Main article: Assured Income for the Severely Handicapped
Sawhney was Minister of Community and Social Services (CSS) when the unpopular October 24, 2019 provincial budget decision to de-index the Assured Income for the Severely Handicapped (AISH) benefit from the Consumer Price Index, was announced. The UCP policy means that the maximum AISH rate for a single person will remain at C$1,685 per month and will not increase with the inflationary cost of living until at least 2023. The budget decision reverts the 2018 Bill 26: An Act to Combat Poverty and Fight for Albertans with Disabilities, enacted by the previous provincial New Democratic Party government. The budget included both generous decrease in corporate tax rates and deep cuts to health and education program budgets as part of the UCP 2019 election campaign commitment to balance the budget by 2021. In the fall of 2020, Sawhney's AISH portfolio attracted media attention as AISH was again under consideration for further cuts. In response to a Postmedia report revealing that the CSS was reviewing AISH and potentially making cuts, On September 14, Sawhney dismissed concerns saying, "Let me state definitively that there will be no cuts to AISH financial benefits." On September 15, Premier Kenney said that the UCP was examining "eligibility criteria" for AISH benefits in order to cut provincial government costs. AISH attracted media attention again in early October as AISH benefits cheques were late due to a banking technical problem.

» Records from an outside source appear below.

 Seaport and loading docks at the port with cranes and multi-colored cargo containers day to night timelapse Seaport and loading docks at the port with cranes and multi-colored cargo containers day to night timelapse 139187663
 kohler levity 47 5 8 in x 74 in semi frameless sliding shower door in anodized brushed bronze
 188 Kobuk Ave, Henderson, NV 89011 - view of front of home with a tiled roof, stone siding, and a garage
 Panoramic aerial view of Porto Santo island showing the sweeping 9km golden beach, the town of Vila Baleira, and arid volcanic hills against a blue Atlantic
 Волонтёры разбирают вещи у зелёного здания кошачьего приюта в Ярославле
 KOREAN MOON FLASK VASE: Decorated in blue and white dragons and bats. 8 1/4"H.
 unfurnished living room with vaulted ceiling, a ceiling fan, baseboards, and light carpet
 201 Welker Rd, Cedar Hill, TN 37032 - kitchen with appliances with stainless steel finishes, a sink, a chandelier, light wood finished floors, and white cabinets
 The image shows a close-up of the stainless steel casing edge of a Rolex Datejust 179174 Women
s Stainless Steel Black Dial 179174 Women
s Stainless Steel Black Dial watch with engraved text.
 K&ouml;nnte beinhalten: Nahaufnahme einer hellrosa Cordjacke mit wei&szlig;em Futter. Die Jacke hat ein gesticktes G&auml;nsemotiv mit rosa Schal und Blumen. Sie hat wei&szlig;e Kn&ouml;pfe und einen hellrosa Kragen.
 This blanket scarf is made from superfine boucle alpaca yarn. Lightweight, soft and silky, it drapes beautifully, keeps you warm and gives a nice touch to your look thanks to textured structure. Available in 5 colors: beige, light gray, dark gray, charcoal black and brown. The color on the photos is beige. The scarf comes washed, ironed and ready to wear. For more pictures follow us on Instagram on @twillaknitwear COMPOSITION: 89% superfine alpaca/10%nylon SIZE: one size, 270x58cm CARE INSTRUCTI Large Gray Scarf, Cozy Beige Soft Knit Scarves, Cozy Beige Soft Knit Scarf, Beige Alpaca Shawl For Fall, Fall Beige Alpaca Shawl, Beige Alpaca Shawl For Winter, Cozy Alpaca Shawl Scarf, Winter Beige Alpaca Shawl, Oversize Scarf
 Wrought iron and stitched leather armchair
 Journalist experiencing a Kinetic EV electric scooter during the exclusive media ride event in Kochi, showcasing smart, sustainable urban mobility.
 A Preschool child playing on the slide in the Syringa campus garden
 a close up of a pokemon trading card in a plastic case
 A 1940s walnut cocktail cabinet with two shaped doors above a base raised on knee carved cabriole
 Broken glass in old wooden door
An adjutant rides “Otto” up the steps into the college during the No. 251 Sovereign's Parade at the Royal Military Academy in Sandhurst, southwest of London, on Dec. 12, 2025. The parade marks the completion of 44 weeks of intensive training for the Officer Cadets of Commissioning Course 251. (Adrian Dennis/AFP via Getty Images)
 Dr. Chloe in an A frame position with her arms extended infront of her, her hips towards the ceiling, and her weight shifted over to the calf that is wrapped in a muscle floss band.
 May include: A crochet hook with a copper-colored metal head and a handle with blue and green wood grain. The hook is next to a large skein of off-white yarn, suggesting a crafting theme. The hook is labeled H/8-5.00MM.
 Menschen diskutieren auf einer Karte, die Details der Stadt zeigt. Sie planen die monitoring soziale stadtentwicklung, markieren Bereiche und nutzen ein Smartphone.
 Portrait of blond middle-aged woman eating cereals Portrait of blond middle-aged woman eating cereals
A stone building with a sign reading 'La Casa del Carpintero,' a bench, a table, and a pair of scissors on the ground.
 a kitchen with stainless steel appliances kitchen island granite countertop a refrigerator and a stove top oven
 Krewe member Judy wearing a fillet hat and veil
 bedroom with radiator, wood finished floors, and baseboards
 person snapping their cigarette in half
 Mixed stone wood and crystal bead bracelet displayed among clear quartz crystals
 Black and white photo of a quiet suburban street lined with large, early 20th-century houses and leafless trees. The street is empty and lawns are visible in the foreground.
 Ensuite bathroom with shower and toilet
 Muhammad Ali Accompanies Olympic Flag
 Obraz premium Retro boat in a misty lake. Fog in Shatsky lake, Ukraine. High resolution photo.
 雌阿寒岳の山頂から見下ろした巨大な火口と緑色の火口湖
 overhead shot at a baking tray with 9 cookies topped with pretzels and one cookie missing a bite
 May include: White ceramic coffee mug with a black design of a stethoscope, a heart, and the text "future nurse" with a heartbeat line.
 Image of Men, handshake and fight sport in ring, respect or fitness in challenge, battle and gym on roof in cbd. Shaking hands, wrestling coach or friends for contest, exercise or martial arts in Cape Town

The UCP government announced $25 million in March and another $48 million in early August to help community organizations that work on homelessness by providing shelters and support for homeless people during the COVID-19 pandemic. The CSS said in September that there was enough capacity for emergency shelters in Calgary. Canadian Alliance to End Homelessness's CEO, Tim Richter, told the Canadian Press, that normally winter emergency response planning is done in the summer. Concerns were raised that these plans had not been made by September, and the funding had not been allocated.
Sawhney told the CP that she was working with her counterpart in the UCP cabinet—Seniors and Housing Minister Josephine Pon—to address the "very dire need" for "permanent supportive housing in Alberta." In his response to Prime Minister Justin Trudeau's September 23, 2020 speech from the throne at the opening the 43rd Canadian Parliament, in which the federal government "focussed on entirely eliminating chronic homelessness in Canada", Calgary mayor, Naheed Nenshi, said that the federal commitment to end homelessness could result in Calgary ending homelessness in two years, if the municipal, provincial, and federal governments work together.